The incident became famous. Heft is credited as the flag’s designer in a prominent position on Wikipedia, in numerous books, and on the website of the Smithsonian Institution. Versions of the story can be found on such media outlets as CNN, Fox News, Time, NPR, the Washington Post, Snopes.com, and Slate. A 2006 episode of Jeopardy! included the clue, “In the late ’50s junior high student Bob Heft designed a new arrangement of these, now known to every American.” When none of the contestants got it, host Alex Trebek revealed the correct response: “Stars on the U.S. flag.” He added, “See, we learn.”
Heft was frequently called “the modern-day Betsy Ross.” Although he disliked the nickname, it testifies to the power of the legends that Americans tell about the origins of their national symbols. The Betsy Ross myth has been largely debunked—the claim that she made the first United States flag is supported nowhere in the historical record—but it satisfies a craving for patriotic figures who fulfill a certain need.
Heft’s story, while very different on the surface, has similar qualities. And its problems are more troubling than nearly anyone has known up until now.
I first heard about Heft through the Today I Learned community on Reddit, which is devoted to sharing surprising facts. Heft’s story has appeared there so often that it was initially tagged as a “frequent repost,” but the latest submission received more than 21,000 upvotes.
After reading it, I was skeptical enough to run a search for Heft’s name on Newspapers.com, which archives millions of scanned newspaper pages. Within five minutes, I found an article from the June 14, 1962, issue of the Lancaster Eagle-Gazette. The headline was “Lancastrian Prizes 50-Star American Flag He Made Here.” Its account of how Heft made his flag closely resembled the standard story, but instead of any assertion that it became the basis for the official design, it merely said that it was “considered Lancaster’s first.”
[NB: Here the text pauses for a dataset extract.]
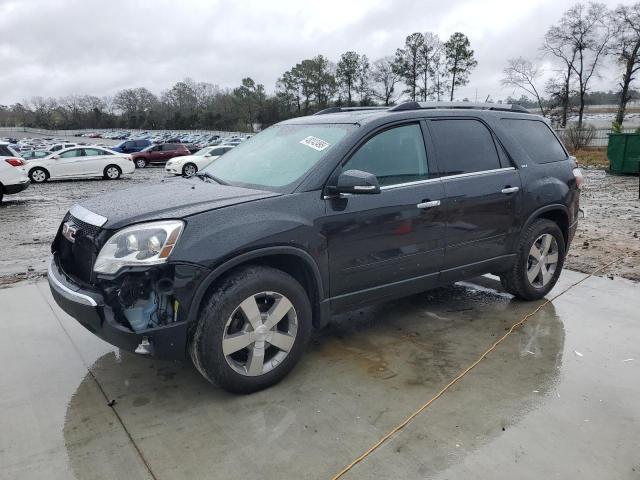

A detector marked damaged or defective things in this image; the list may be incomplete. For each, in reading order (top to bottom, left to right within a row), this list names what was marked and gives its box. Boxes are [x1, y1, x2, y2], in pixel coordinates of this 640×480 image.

damaged front bumper [47, 256, 200, 358] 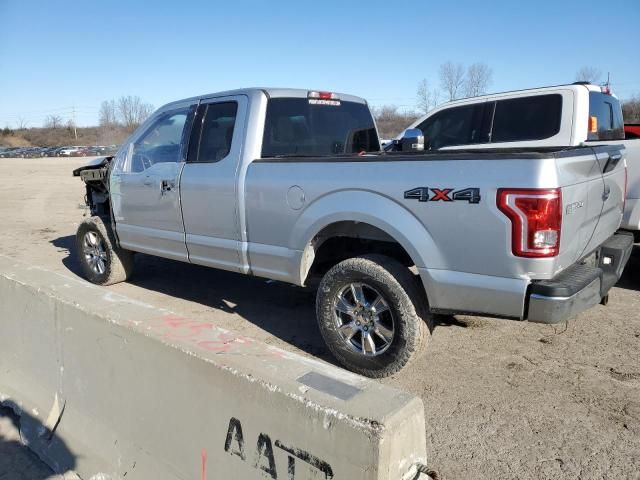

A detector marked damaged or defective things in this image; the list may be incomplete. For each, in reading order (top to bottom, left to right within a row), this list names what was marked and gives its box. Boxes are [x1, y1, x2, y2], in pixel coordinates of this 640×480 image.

damaged front end [73, 157, 112, 217]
This claim was already far more modest than the notion that Heft was credited as the flag’s designer, but the most damning sentence came in the third paragraph: “As it later turned out, this was the arrangement that the U.S. government used when they started manufacturing the flag.” In other words, less than two years after his alleged triumph, his own hometown paper said nothing about Heft designing the flag, let alone his dramatic meeting with Eisenhower.
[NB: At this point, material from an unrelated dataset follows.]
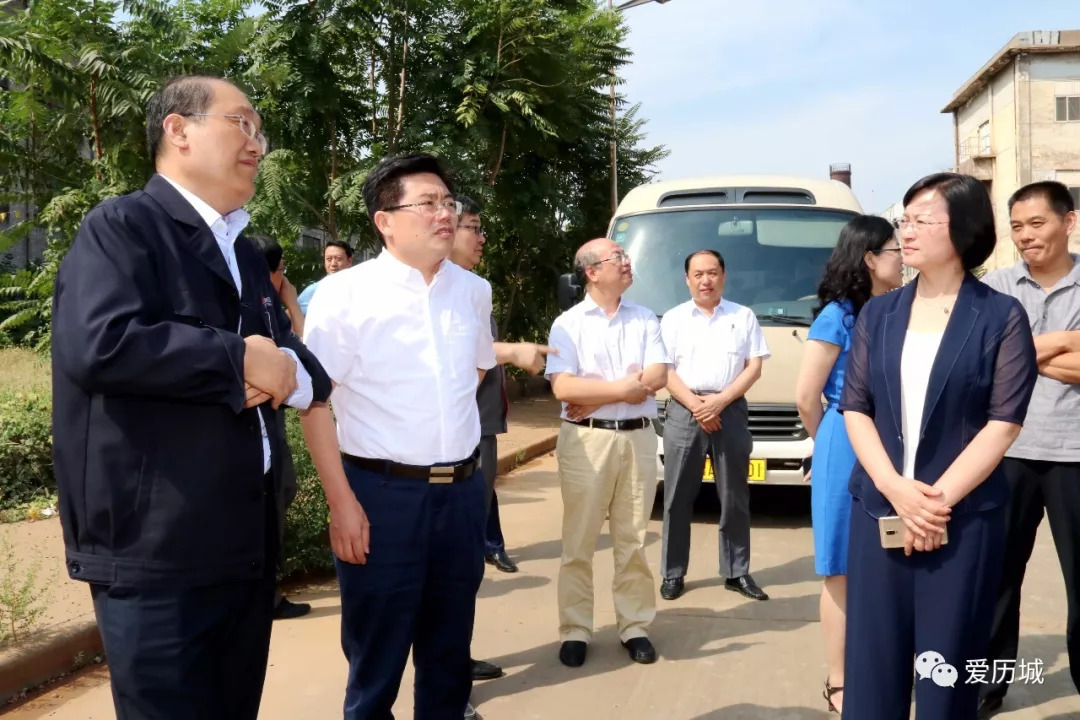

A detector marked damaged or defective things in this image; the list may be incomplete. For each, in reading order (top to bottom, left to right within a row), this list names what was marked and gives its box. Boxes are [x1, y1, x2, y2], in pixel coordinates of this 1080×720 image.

After looking deeper, I was unable to avoid the obvious conclusion. Heft’s story—which many reputable sources cite as a historical fact—is false. While he did make a 50-star flag for his history class, and Pratt may even have agreed to change the grade if it were accepted by the government, everything else in the usual account is a lie that Heft embellished for nearly half a century. If the origin story of the nation’s most recognizable symbol is untrue, it illustrates how misinformation about the American past can be deliberately invented and uncritically perpetuated. The real question is how and why Heft did it—and why so many people wanted to believe that it was the truth.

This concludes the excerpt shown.